Turner Falls State Park
Turner Falls State Park is an oasis hiding in the shadow of the Arbuckle Mountains. Students can enjoy swimming at the base of a jaw-dropping, 77-foot waterfall and water slides in natural swimming holes. The park is great for groups looking to cool off in the clear water or relax on the sandy beaches. There are easy hiking trails and an elaborate rock castle open for students to explore.
Endangered Ark Foundation
Endangered Ark Foundation in southeastern Oklahoma is home to America’s second-largest herd of endangered Asian elephants, many of whom are retired from the circus. The sanctuary is dedicated to educating visitors about the endangered species and the importance of wildlife protection.

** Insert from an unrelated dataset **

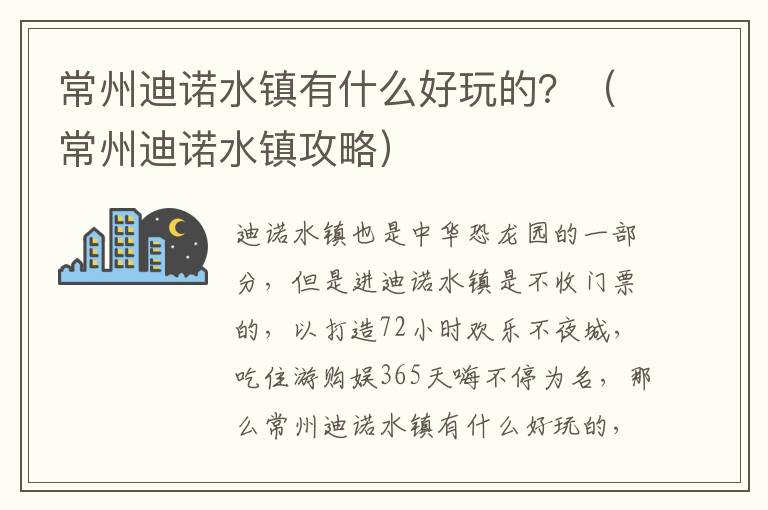 常州迪诺水镇有什么好玩的？（常州迪诺水镇攻略）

On tours, students learn about the care of the animals, assist in bathing and even hand-feed the gentle giants. The caretakers at the foundation are known to inspire visitors through their special connection to the animals, and getting so close to such creatures is an unforgettable experience.
Wichita Mountains Wildlife Refuge
Wichita Mountains Wildlife Refuge near Lawton offers over 59,000 acres of protected wilderness where students can experience the beauty of an idyllic, untouched mountain landscape. The refuge provides a safe home for wild buffalo, longhorn cattle, prairie dogs and elk, as well as more common wildlife. Quanah Parker Nature and Visitor Center offers interactive exhibits and educational wildlife tours to teach students about the history and ecology of the area. Hiking trails and bouldering opportunities will thrill adventurous students. Be sure to stop in the Parallel Forest, where seemingly endless expanses of huge cedar trees grow exactly six feet apart.